Out of Chaos an organizing newsletter

August 26, 2015 Issue No. 100

Ode to Eve

Recently I’ve been reading Mess: One Man’s Struggle to Clean Up His House and His Act by Barry Yourgrau. It is a good read, and his struggle with clutter rings true to me. One of Yourgrau’s many procrastination techniques is to delve into the origins of his inability to let go. While in my experience this is an inefficient way to get rid of clutter, it makes for some fascinating reading.

It also got me thinking about my childhood memories, the ones that shaped me. And that led me to thinking about Eve. Eve (not her real name) was a good friend of my parents before I was born. Like many of my parent’s friends, she was single and childless. While they all bought me too much, in my mother’s opinion, Eve was in a class by herself. She loved to shop, and I was frequently the recipient of her largess.

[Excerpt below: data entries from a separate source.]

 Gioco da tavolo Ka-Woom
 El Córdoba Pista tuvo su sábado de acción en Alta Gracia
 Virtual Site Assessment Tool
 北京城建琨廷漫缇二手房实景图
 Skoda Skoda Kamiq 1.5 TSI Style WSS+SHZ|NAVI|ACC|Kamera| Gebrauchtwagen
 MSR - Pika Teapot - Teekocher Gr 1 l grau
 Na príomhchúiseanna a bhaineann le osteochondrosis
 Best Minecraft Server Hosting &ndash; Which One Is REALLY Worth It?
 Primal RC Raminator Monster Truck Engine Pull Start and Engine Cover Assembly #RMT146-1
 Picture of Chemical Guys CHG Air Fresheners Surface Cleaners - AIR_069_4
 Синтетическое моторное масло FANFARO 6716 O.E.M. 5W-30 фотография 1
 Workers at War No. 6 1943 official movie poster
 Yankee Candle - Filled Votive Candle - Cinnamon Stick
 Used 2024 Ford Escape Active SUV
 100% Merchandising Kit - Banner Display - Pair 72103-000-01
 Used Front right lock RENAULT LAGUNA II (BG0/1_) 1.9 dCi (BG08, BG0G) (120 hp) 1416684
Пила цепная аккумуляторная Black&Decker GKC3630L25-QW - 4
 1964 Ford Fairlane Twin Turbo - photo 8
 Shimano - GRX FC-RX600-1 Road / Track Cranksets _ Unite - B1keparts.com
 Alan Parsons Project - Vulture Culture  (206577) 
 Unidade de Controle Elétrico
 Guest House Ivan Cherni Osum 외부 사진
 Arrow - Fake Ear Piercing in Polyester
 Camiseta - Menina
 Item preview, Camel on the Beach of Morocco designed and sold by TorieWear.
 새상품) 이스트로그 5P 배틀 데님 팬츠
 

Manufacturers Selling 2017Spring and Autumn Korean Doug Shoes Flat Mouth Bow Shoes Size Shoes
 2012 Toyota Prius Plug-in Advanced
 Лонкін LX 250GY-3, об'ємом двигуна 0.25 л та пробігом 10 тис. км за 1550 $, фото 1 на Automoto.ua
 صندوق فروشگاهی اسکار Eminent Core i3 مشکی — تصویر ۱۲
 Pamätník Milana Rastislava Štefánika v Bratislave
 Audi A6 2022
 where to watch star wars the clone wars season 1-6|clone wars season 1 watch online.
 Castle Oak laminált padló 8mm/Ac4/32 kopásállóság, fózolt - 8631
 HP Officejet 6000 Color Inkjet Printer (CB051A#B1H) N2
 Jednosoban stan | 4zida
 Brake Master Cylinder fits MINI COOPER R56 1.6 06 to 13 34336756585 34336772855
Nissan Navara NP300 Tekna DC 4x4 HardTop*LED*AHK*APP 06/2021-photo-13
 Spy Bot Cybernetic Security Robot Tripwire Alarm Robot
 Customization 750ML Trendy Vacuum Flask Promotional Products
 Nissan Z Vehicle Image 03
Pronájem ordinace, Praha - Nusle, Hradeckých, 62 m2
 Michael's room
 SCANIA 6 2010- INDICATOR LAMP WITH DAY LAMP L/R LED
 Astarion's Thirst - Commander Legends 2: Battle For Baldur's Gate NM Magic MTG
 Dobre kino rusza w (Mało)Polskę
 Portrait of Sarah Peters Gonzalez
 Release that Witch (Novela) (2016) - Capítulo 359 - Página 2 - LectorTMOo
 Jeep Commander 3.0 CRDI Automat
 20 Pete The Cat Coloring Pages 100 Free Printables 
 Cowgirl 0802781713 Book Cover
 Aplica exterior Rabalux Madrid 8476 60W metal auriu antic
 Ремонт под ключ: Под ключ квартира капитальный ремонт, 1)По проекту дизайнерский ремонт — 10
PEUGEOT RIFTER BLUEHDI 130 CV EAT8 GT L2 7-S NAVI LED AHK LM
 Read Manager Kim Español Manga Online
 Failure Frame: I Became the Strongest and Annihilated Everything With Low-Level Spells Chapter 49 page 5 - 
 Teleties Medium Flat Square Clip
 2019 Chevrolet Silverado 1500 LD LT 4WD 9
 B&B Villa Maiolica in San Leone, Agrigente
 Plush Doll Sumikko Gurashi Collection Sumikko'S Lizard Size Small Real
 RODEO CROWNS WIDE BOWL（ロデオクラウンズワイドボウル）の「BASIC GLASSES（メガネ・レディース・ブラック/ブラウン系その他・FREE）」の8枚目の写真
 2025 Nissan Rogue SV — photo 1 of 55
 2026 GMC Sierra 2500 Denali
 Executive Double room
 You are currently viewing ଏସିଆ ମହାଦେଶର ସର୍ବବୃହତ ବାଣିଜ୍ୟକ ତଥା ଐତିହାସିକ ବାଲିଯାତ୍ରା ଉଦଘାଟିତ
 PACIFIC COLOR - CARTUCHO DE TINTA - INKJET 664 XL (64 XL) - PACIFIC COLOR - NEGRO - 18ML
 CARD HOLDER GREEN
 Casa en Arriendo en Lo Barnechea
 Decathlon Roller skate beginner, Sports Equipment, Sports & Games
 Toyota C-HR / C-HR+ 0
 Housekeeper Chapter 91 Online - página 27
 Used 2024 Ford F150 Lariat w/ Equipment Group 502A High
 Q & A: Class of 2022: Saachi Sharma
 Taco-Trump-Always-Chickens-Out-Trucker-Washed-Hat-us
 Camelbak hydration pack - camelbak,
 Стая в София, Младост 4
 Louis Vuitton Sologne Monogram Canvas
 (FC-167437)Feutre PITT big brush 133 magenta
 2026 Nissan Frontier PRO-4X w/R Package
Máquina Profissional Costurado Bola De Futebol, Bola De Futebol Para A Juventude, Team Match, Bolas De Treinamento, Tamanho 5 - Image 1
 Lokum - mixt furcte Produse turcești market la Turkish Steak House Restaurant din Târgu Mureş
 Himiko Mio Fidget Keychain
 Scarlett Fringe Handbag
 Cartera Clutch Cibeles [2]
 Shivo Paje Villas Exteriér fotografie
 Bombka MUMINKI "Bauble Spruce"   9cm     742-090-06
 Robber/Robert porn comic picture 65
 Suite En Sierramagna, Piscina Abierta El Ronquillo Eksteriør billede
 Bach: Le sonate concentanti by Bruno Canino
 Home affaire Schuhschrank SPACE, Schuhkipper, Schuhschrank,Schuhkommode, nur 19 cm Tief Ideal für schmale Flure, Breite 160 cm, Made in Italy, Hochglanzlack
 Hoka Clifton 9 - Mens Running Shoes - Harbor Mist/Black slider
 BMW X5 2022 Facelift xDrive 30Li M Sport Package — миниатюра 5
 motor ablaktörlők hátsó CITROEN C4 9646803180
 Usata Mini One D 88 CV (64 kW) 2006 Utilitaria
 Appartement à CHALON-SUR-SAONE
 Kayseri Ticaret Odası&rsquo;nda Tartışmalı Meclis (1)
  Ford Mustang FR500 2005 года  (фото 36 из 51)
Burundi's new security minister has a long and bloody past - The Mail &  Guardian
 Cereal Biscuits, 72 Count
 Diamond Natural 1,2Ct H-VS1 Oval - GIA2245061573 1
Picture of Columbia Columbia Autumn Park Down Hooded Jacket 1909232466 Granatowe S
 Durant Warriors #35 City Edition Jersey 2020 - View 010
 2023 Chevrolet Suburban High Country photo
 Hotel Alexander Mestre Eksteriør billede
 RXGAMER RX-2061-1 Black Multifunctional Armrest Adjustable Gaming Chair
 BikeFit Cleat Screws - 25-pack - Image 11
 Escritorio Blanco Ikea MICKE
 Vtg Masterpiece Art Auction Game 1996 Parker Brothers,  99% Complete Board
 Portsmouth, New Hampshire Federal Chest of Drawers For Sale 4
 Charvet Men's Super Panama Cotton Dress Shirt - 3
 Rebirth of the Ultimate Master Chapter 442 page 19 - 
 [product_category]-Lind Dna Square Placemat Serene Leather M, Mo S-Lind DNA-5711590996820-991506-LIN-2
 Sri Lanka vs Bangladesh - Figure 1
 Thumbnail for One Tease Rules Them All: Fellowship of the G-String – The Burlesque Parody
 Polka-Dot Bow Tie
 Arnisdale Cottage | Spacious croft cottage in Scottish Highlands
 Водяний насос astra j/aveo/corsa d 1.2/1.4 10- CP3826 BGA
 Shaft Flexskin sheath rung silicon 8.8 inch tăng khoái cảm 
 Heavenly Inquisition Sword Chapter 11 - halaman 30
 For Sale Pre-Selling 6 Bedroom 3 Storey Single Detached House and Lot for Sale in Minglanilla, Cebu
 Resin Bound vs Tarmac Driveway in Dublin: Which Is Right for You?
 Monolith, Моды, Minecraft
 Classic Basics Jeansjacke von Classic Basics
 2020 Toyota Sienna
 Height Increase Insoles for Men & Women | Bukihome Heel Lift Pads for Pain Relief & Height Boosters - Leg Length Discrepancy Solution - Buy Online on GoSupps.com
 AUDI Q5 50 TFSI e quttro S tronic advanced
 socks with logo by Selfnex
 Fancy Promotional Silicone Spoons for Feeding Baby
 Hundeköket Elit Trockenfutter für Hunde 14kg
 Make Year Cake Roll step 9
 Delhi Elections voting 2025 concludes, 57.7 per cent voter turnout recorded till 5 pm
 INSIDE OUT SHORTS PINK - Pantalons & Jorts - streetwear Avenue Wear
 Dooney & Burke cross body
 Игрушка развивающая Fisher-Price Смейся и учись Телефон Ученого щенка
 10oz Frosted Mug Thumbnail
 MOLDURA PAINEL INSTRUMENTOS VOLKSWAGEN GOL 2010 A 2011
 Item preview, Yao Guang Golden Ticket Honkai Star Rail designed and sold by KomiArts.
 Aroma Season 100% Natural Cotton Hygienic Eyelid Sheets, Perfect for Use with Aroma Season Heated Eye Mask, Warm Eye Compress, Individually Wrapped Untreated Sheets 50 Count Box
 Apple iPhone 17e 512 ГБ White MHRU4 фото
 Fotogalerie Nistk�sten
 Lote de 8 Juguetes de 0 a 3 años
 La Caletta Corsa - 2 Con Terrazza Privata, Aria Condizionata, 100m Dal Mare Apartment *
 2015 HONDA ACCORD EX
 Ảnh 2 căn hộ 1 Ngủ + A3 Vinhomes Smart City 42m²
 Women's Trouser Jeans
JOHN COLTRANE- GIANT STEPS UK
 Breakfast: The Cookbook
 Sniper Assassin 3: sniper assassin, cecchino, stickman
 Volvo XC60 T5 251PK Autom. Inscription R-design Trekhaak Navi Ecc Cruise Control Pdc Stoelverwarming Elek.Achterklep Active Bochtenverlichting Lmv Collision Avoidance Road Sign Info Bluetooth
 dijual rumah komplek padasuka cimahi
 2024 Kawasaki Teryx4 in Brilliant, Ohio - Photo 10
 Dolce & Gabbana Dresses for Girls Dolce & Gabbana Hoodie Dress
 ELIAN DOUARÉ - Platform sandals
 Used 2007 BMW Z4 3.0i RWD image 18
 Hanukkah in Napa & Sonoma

I loved Eve, not only because she bought me things, but also because she was sparkly. Originally from the south, she had come to New York and worked her way up to being the secretary of the CEO of a major corporation. Later she followed him to the White House, where he served in Nixon’s cabinet. While my mother was practical in beige, Eve spent her considerable disposable income on looking fabulous. Her hair was blonde and done, her dresses colorful and shimmering and her jewelry was wonderful. I’d sit on her lap and take her earrings off of her and put them on me, and she let me. I adored her.

When she moved to D.C., we saw less of her. When I was six we went to Washington and I was in her apartment for the first time.

It was a shock. I was confused: Did she live in an antique store? Everything was so interesting. I remember a ceramic elephant table blocking the hallway and an umbrella stand with a number of canes and an umbrella like the one in Mary Poppins. There was so much stuff. But where was the couch, the bed, the kitchen? She had bought herself into a corner. Even my messy, six-year-old self could see it was a problem. I asked my mother if she had just moved.

It was hard for my young brain to resolve these two incompatible images. I was a shallow child: Eve’s outward appearance—her matching shoes and bags, her perfect coiffure and her feminine palette were a huge part of my attraction to her. How could someone who cared about beauty live in a place that looked like a storage unit for an eccentric antique dealer?

I think that day stayed etched in my brain. And that question is still interesting to me. So many of my clients look so fabulous, and yet…

Yourgrau traces his inability to throw things out to a few key events in his life, including frequent moves as a child and a broken water bottle. So let’s try his Freudian approach: What makes you unwilling to let go? Or what makes you want to overbuy? I was too young to ask Eve those questions at the time, but how I wish I could travel back in time, and while I was asking her those questions, I’d be helping her let go.